2. The method for procuring verification of procurement documentation based on advanced natural language processing of claim 1 wherein the process of generating word vectors by the sensor-bert model comprises:

3. The method of claim 2 wherein said converting the word vector into a sentence vector comprises:

and carrying out an averaging operation on all the word vectors of the sentence, and taking an averaging result as a sentence vector u of the current sentence.

4. The method for verifying procurement documentation based on improved natural language processing of claim 3 wherein the cosine similarity of the sentence vectors is calculated as: and (4) simultaneously generating a word vector from the two purchasing texts through a sensor-bert model, converting the word vector into a sentence vector to obtain two sentence vectors, and calculating the cosine similarity.

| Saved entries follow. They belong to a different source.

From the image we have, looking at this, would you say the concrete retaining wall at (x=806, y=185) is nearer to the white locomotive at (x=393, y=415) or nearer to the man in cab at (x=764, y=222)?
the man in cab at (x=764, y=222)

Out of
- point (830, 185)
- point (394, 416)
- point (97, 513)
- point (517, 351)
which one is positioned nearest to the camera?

5. The method for inspecting procurement documentation based on improved natural language processing of claim 4 characterized by further performing loss function construction after cosine similarity calculation is performed on sentence vectors;

the process of constructing the loss function comprises the following steps:

6. The method for procuring inspection of procurement documentation based on modified natural language processing of claim 5 wherein, the process of comparing the relevance of the sentence vectors comprises:

7. The method for checking procurement documentation based on modified natural language processing of claim 6 wherein the process of initiating an inference engine to output the results of whether the procurement documentation is in compliance comprises:

8. The method for inspecting procurement files based on improved natural language processing as claimed in claim 7, characterized in that after the inference engine is started to judge whether the procurement files are in compliance, an interpreter is built in the procurement file auditing system; the interpreter is connected with the inference machine and used for converting the mark of the inference machine on whether the content of the purchase file conforms to the audit rule into natural language and then outputting and displaying the natural language.